Once again, Jack Richardson had to assist in setting a new body, starting from scratch.8 The declared objective of office of Ombudsman, building on long experience in Scandinavia, and more recent models in the United Kingdom and elsewhere sought to provide a form of administrative justice that would be transparent, just, quick and cheap, where tribunals and courts were commonly slow, expensive, and sometimes formalistic, rather than concerned with the substantial merit of the matter.

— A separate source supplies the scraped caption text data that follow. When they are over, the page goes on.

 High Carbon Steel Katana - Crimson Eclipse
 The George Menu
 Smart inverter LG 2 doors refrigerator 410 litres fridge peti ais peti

Jack Richardson commenced his duties as Ombudsman with a staff of five officers. This modest compliment was to grow to more than 100 as the effectiveness of his work became clear. It fell to him to create State offices for the Ombudsman and to process the increasing numbers of claims of bad administration that invoked the Ombudsman’s jurisdiction. Drawing on his own skills as a teacher and communicator, Professor Richardson enjoyed much success in promoting knowledge of his office and awareness of the assistance he could provide. As the Special Minister of State, Hon. Gary Gray said after Professor Richardson’s death,

“Towards the end of his time as Ombudsman, the total number of approaches to the office exceeded 20,000, demonstrating the strength of his public education efforts and the establishment of a reputation that exemplified independence and fairness”.9

In 1982, he famously arranged for a cartoon to be included on the packaging of milk cartons sold in Canberra. It read:

“Bamboozled by the bureaucracy?
The Ombudsman is ready to help you in a dispute with a Commonwealth Department...”

Naturally some of his critics in the Australian Public Service objected to this form of publicity. But the new Ombudsman was unconcerned by their criticism. He was supported, for the most part, by the relevant federal ministers, particularly Prime Minister Fraser.

In 1982 – 1985, Professor Richardson became a director of the International Ombudsman Institute in Canada. From 1983, he was appointed to serve as Defence Force Ombudsman, a post he held until 1985 when his substantive appointment as Commonwealth Ombudsman expired. After he laid down his duties as Australia’s first federal Ombudsman, Professor Richardson was visiting fellow at the ANU Law School (1986-90) and President of the Australian Institute of Administrative Law (1990). Such was his reputation as a fearless guardian of good administration and against mal-administration that the nation of Western Samoa appointed him as its Ombudsman (1990-92). With this post concluded, he entered a fourth phase of his life. This saw him as co-owner of a horse and cattle breeding property at Cobbitty. He was still engaged in these activities when he died at Camden in New South Wales on 13 June 2011 at the age of 90. He mixed his activities in animal husbandry with an active sporting life, which unaccountably, included a passion for fast motor vehicles.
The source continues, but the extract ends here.